(WHAT YOU NEED TO DO):
Please copy out the entries exactly, skipping any pictures.

(DATASET EXCERPTS):
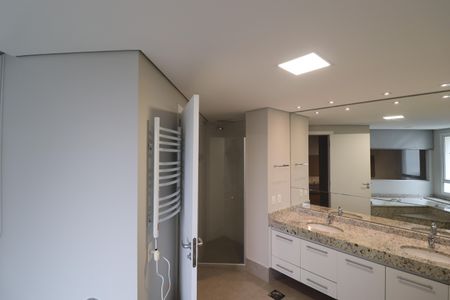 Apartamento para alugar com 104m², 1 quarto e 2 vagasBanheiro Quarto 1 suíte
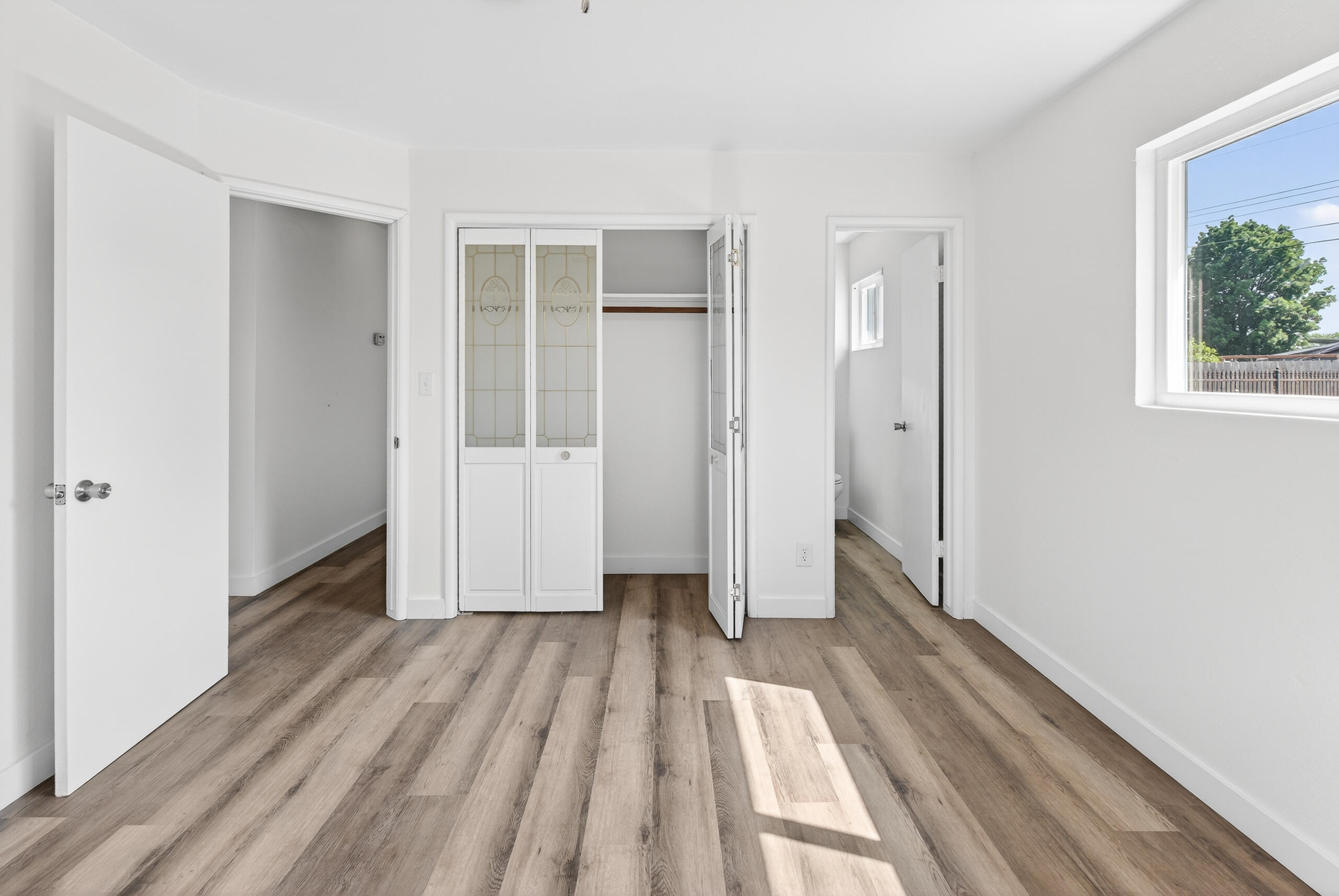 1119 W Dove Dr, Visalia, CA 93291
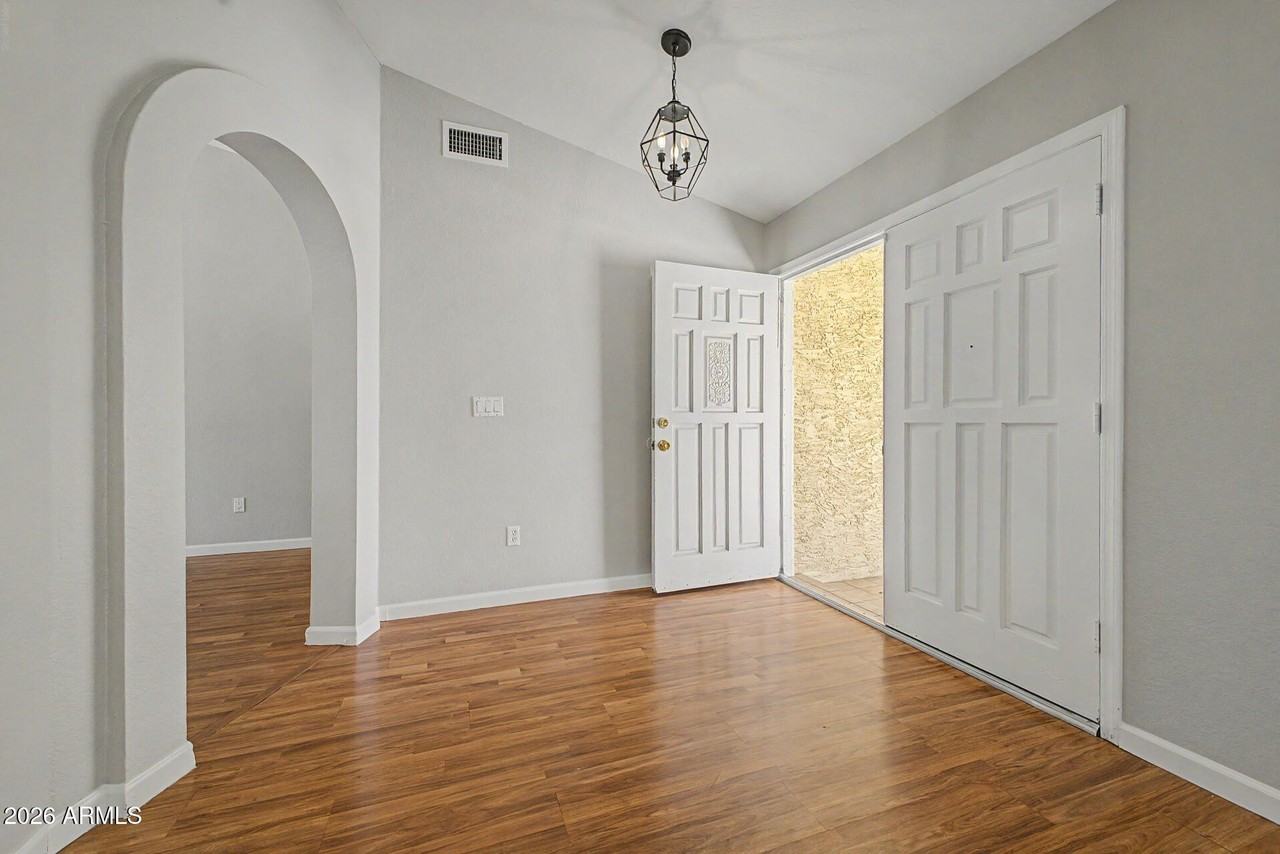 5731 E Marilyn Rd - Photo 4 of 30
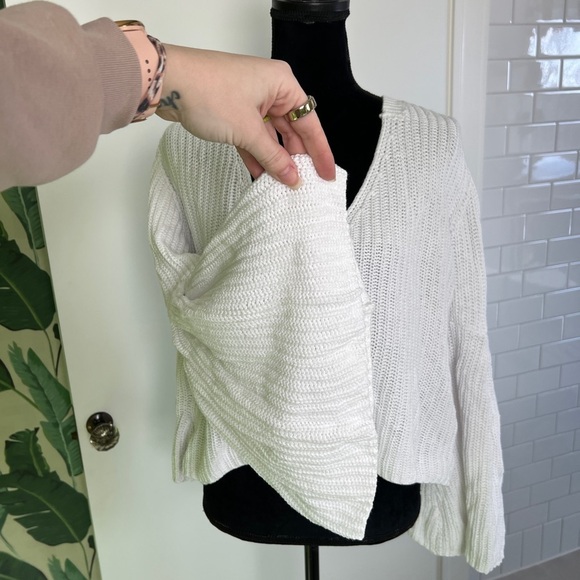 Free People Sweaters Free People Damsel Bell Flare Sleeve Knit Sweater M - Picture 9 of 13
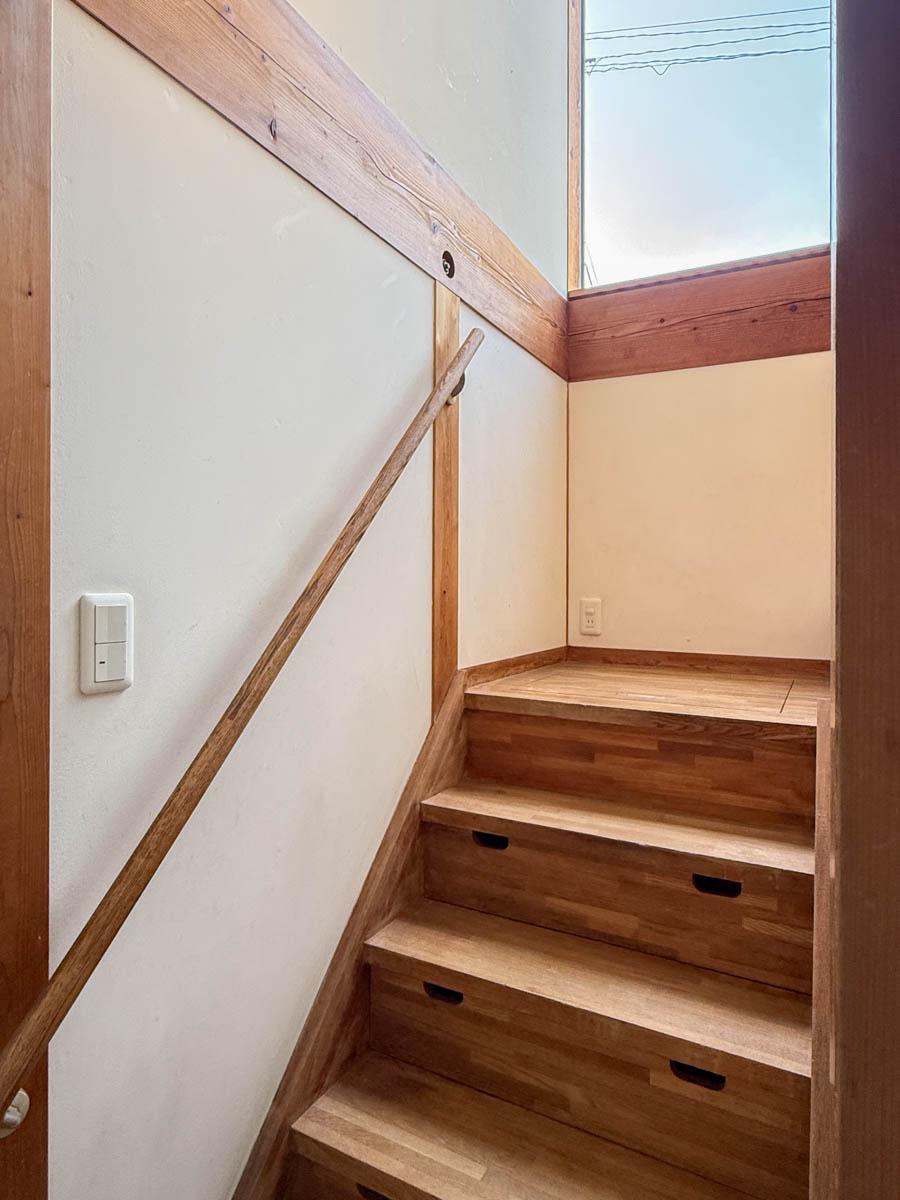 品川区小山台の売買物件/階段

(PROBLEM SOLUTION):
 Apartamento para alugar com 104m², 1 quarto e 2 vagasBanheiro Quarto 1 suíte
 1119 W Dove Dr, Visalia, CA 93291
 5731 E Marilyn Rd - Photo 4 of 30
 Free People Sweaters Free People Damsel Bell Flare Sleeve Knit Sweater M - Picture 9 of 13
 品川区小山台の売買物件/階段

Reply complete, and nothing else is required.